Diagnosis blues

This week has been quite a difficult one. We discovered that our mother has a brain tumour. While this explains all of the bizarre and inconsistent and unreliable behaviour that we’ve been noticing recently, it’s a bit of a shock.

Did I tell you how Mum was acting more and more strangely and refusing help? Well, one day a couple of weeks ago she took herself off to the doctor in a taxi (at a time when she should have been home for the cleaner – resulting in multiple phone calls with the next step being the police! – because she didn’t tell anyone she was going – but that’s another story). Mum went to ask if she had dementia, so the doctor ordered a CT scan that afternoon. The first I knew about it was a call from Mum saying I had to take her to the hospital for a brain scan. All the way there, she criticised her children as being too managing, too interfering, too nosy, and for sending too many helpers, and making too many phone calls, and ordering the wrong food to be delivered. She was certain that the brain scan would show no dementia and that after the diagnosis we could all just leave her alone, thank us very much. Very Greta Garbo.
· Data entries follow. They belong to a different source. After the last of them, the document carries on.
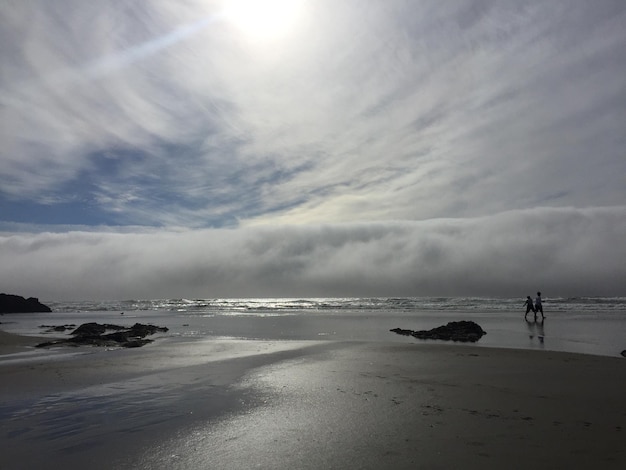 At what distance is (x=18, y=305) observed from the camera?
76688 mm

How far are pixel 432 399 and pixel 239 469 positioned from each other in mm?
4344

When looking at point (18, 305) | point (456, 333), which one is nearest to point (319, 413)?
point (456, 333)

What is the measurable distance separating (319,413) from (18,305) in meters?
91.3

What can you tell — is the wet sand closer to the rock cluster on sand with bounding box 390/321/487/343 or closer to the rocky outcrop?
the rock cluster on sand with bounding box 390/321/487/343

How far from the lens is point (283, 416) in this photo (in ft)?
22.0

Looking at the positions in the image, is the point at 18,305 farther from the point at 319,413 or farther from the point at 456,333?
the point at 319,413

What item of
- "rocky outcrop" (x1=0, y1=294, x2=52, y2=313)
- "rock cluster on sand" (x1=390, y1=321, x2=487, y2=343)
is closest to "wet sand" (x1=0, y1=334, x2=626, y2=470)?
"rock cluster on sand" (x1=390, y1=321, x2=487, y2=343)

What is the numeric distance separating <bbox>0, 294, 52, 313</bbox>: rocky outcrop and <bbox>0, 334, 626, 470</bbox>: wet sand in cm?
7942

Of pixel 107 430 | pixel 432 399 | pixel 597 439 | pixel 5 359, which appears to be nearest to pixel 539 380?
pixel 432 399

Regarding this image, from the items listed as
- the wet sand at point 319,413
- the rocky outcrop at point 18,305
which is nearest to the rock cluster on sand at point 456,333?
the wet sand at point 319,413

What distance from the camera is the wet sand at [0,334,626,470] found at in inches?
197

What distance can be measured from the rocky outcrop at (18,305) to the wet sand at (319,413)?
79.4m

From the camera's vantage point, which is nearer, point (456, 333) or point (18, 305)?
point (456, 333)

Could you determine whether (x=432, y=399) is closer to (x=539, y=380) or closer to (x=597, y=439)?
(x=597, y=439) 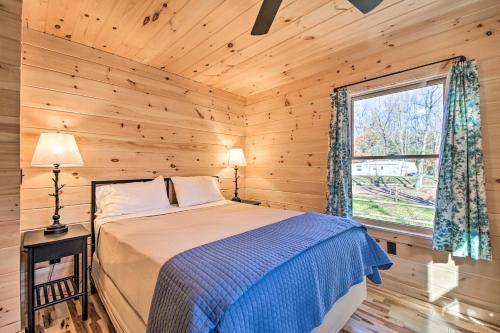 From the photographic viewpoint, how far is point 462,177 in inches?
74.7

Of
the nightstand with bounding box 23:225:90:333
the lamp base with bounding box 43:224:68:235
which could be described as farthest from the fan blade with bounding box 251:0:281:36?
the lamp base with bounding box 43:224:68:235

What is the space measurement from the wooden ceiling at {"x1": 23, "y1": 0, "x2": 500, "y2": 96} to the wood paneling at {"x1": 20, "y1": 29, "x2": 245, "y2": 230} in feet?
0.61

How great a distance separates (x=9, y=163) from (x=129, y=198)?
3.26 feet

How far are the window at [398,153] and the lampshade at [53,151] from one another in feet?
9.15

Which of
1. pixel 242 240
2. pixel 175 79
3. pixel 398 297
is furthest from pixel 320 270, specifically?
pixel 175 79

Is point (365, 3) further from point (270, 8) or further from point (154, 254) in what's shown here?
point (154, 254)

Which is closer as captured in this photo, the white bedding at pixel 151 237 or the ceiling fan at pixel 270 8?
the white bedding at pixel 151 237

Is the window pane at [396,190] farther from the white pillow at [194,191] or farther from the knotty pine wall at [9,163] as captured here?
the knotty pine wall at [9,163]

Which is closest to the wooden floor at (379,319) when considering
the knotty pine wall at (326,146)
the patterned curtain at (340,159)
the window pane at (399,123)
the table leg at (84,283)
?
the table leg at (84,283)

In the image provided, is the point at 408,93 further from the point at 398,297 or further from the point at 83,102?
the point at 83,102

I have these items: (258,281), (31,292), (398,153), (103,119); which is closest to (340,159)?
(398,153)

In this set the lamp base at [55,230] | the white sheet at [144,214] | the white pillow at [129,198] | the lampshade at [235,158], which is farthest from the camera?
the lampshade at [235,158]

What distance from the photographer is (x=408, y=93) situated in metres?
2.35

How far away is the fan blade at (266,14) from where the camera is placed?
1397mm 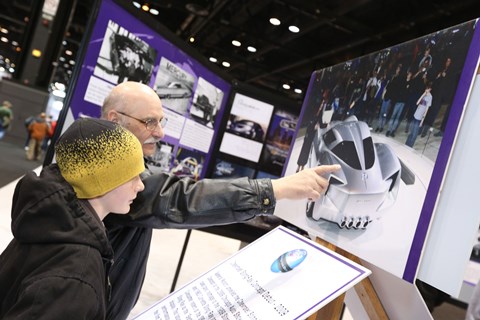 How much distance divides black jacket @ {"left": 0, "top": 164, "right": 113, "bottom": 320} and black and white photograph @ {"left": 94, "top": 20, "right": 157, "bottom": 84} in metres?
1.66

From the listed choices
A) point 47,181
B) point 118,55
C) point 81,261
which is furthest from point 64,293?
point 118,55

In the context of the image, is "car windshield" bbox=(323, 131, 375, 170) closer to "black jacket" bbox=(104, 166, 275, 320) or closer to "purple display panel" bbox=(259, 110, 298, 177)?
"black jacket" bbox=(104, 166, 275, 320)

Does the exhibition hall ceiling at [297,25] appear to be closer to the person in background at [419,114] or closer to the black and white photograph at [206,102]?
the black and white photograph at [206,102]

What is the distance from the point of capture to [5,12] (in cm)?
2128

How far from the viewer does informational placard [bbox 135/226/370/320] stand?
0.99 meters

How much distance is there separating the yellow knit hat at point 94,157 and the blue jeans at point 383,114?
0.79 meters

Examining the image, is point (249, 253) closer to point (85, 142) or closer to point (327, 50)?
point (85, 142)

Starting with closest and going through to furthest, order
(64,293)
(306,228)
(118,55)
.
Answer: (64,293), (306,228), (118,55)

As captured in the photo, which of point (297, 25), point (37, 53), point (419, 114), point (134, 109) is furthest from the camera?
point (37, 53)

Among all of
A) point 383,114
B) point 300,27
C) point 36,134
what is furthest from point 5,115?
point 383,114

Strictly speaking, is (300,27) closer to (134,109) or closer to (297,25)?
(297,25)

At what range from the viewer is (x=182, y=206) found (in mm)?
1424

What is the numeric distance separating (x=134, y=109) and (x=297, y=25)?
26.7 ft

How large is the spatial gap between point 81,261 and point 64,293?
0.08 metres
The upshot is, after a lengthy scan and a trip back to the GP, that she has a meningioma which is not malignant in itself, but steadily growing and impacting on her brain function. Off we went to the neurosurgeon next day, who ruled out surgery (her bad health and a long recovery time) and any other treatment (tumour too large for radio). And a palliative care team has been allocated to us.

So it’s been  an interesting time, negotiating all of us siblings and our diverse opinions. Mum, on the other hand, is very stoic and quite serene, and says she’s much happier now that she knows. She is calling everyone in her address book to tell them she has a brain tumour!